■ **Brief**: Copy out the lines of the material that include the string "list".

■ **Input for this task**:
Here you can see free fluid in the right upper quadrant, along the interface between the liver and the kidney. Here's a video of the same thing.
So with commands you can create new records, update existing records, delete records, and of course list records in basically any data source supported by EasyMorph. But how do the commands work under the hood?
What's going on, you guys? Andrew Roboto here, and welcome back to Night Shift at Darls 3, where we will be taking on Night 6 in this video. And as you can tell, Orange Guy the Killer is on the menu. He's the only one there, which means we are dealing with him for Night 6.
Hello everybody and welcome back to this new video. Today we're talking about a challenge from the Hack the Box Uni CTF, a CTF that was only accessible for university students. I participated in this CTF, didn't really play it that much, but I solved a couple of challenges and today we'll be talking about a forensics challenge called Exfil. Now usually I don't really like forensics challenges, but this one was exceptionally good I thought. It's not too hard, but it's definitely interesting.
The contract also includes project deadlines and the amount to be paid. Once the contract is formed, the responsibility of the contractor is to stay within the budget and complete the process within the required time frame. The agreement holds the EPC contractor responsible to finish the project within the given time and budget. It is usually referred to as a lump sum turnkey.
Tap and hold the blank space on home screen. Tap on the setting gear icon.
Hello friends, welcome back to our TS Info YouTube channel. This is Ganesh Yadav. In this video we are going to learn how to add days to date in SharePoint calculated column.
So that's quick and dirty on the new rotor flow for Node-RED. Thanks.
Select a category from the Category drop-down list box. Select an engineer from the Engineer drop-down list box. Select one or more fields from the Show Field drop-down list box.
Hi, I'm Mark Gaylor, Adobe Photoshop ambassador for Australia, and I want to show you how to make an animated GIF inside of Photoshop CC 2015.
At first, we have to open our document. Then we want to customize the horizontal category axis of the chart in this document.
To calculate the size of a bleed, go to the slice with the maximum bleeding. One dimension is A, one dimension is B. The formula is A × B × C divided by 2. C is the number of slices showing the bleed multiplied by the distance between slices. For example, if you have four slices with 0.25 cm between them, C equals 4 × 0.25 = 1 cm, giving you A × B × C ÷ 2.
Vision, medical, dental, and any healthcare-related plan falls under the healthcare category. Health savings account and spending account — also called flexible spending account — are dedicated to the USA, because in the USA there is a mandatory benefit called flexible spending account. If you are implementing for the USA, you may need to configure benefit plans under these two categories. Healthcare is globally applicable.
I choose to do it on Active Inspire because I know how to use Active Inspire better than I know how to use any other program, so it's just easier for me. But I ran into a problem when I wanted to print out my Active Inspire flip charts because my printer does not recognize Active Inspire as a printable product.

■ **Task output**:
So with commands you can create new records, update existing records, delete records, and of course list records in basically any data source supported by EasyMorph. But how do the commands work under the hood?
Select a category from the Category drop-down list box. Select an engineer from the Engineer drop-down list box. Select one or more fields from the Show Field drop-down list box.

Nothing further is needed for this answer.